What the Justice Department and SEC call the “the most comprehensive effort ever undertaken to explain enforcement of the Foreign Corrupt Practices Act,” in referring to the guide, is also a tutorial on various first cousins of the FCPA.
The 120-page FCPA guidance is an attempt to clarify some of the contentious compliance and enforcement issues in the far-reaching law, which is the world’s oldest anti-corruption law and touches all corners of the world.
No financial institution will lose sight of the fact that every FCPA case involves a financial institution at some point in the corruption scheme, on the giving or the receiving end or both.
Three first cousins of all FCPA violations
US laws closely connected to the FCPA include three staples of almost all FCPA violations – money laundering, tax evasion and international travel or funds transfers.
Money laundering is a sleeping monster in FCPA enforcement. The principal US money laundering law includes FCPA violations as one of its 230 or so “Specified Unlawful Activities.” (Title 18, USC Sec. 1956(c)(7)).

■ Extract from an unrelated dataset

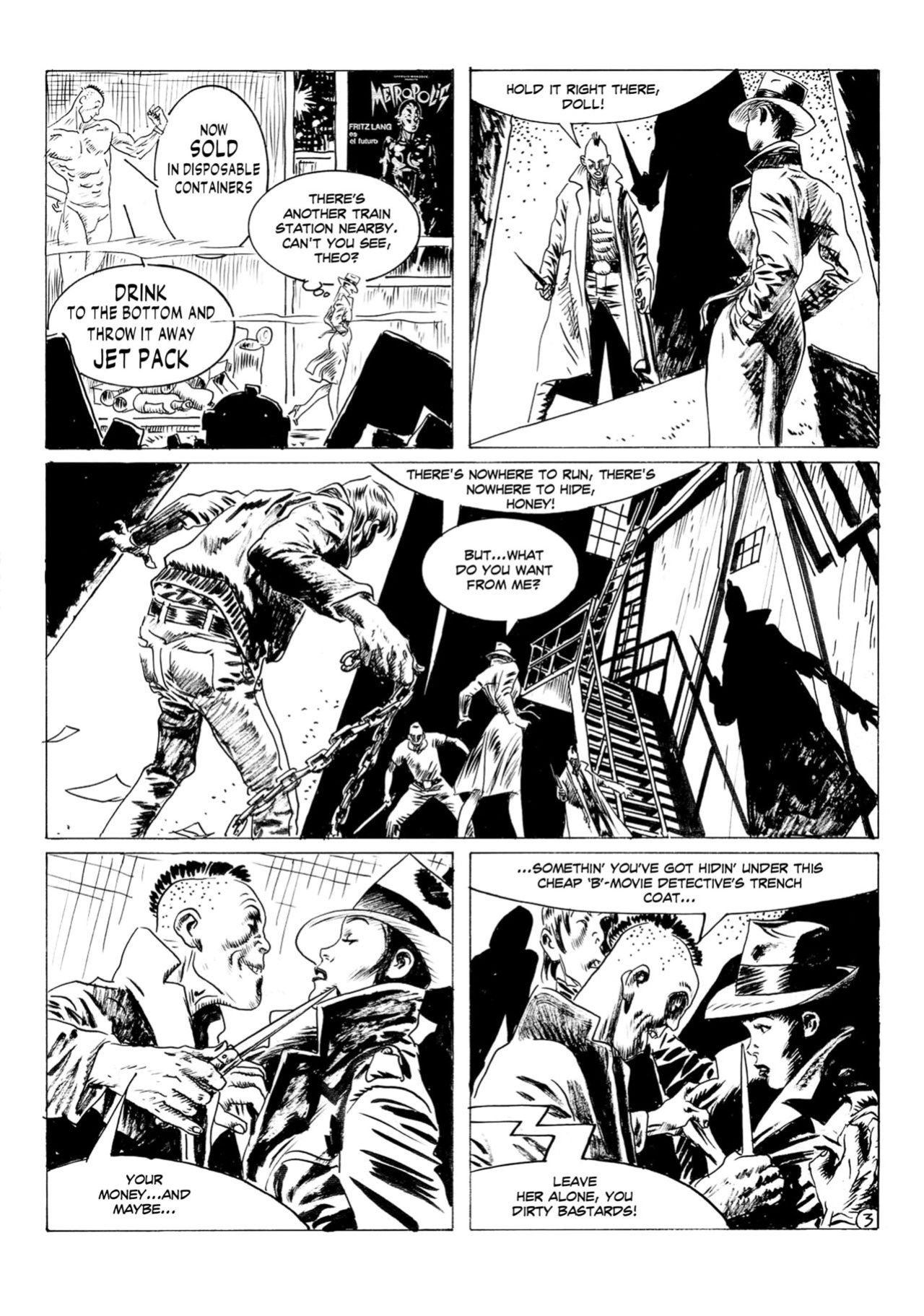 [Jordi Bernet, Carlos Trillo] Custer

This puts in danger of money laundering charges not only the direct players to the foreign corruption but also the financial institutions whose facilities are used to move or hold the dirty money. The legal concept of “willful blindness” has been used against bankers and banks in money laundering prosecutions. It is often use to prove “knowledge” and complicity in underlying criminal activity, such as FCPA crimes.
The ‘Travel Act’ also tackles other ‘mobs’

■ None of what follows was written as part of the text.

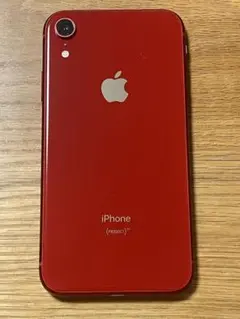 iPhone XR (PRODUCT)RED 128GB 匿名発送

The new guide also warns of another law, which was enacted decades ago to attack organized crime. It is commonly called the Travel Act and prohibits travel in interstate or foreign commerce or using the mail or a facility in this commerce, intending to distribute the proceeds of an unlawful activity or promote or carry on the activity. (Title 18, USC Sec. 1952)
“Unlawful activity” includes violations of the FCPA, as well as state commercial bribery laws. The guide gives the example of a company paying kickbacks to an employee of a private company who is not a foreign official. It says this “private-to-private bribery” could be charged as a Travel Act violation.

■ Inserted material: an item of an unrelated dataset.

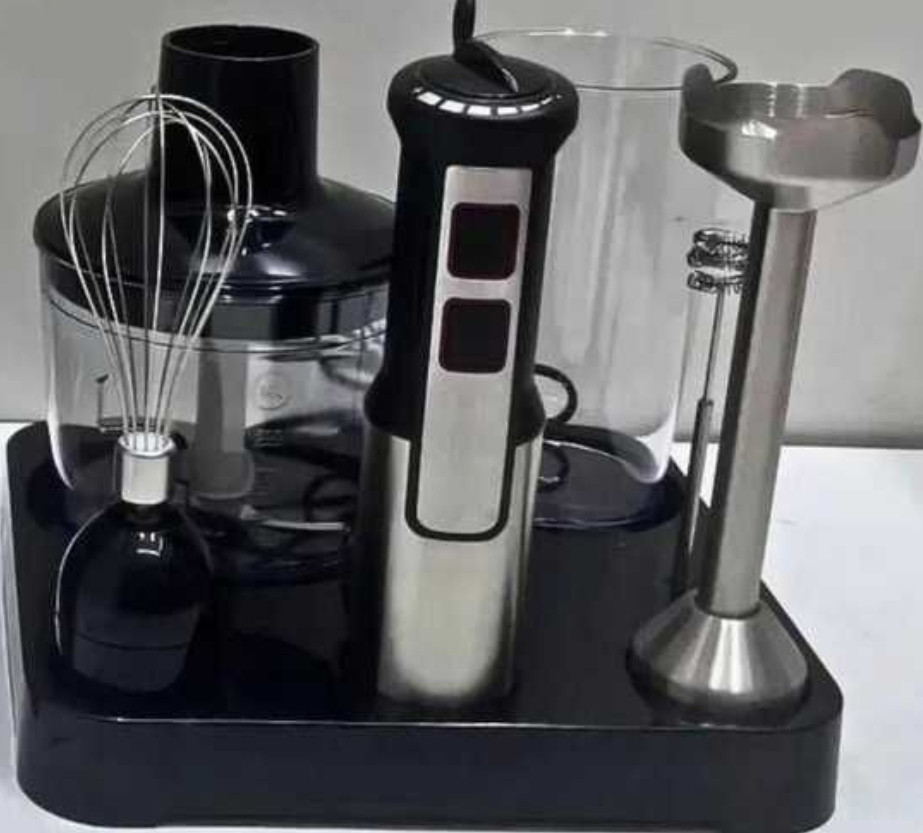 НЕМЕЦКИЙ заглибний блендер Rainberg RB-2293 6в1 з підставкою 1200 Вт. Київ - фото 2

Who ever heard of a corrupt person reporting bribes as income?
The guide also warns that FCPA crimes may also violate US tax laws, which cover a range of common corruption-related ruses. These include false deductions, evaded income, deductions for bribes, and deductions for false sales commissions.
The FBI, Internal Revenue Service Criminal Investigation and the US Postal Inspectors are the principal federal players in these investigations, usually in aid of the work of federal grand juries which are directed by federal prosecutors.
Prosecutions under the law have increased dramatically in the past 15 years. Thus, there is little doubt that corporate counsel, compliance officers and risk managers at US companies and those in other countries that do business in the United States will absorb the new guidance.
The guidance is described as “non-binding, informal, and summary in nature” and not to be taken as “rules or regulations” or as creating “any rights, substantive or procedural.”
‘Corruption has corrosive effects on democratic institutions’
The guidance lays this groundwork about the focus of the FCPA: “Corruption has corrosive effects on democratic institutions, undermining public accountability and diverting public resources from important priorities such as health, education, and infrastructure. When business is won or lost based on how much a company is willing to pay in bribes rather than on the quality of its products and services, law-abiding companies are placed at a competitive disadvantage—and consumers lose.”
The guidance is divided into 10 chapters, including one on whistleblower incentives and procedures, and several appendices. It is also laced with hypothetical situations in which the reader is asked to determine a corrupt scenario or improper activity.
“No one knew what to expect with this guidance,” said Matteson Ellis, principal of Ellis Law, in Austin, and a specialist in FCPA cases. “Few thought it would be so detailed, comprehensive, and instructive. Certainty and predictability are key in business, and in the uncertain world of foreign corruption and compliance, this gets us closer to understanding expectations.”
“Most helpful are the specific hypothetical scenarios provided,” he adds. “These create benchmarks for companies looking to pursue business opportunities aggressively and doing so in a compliant way.”
Guidance tackles thorny definitions in FCPA
The “Resource Guide to the Foreign Corrupt Practices Act” tackles the definitions for some terms in the FCPA, such as who is a “foreign official” and what is an “instrumentality” of a foreign government.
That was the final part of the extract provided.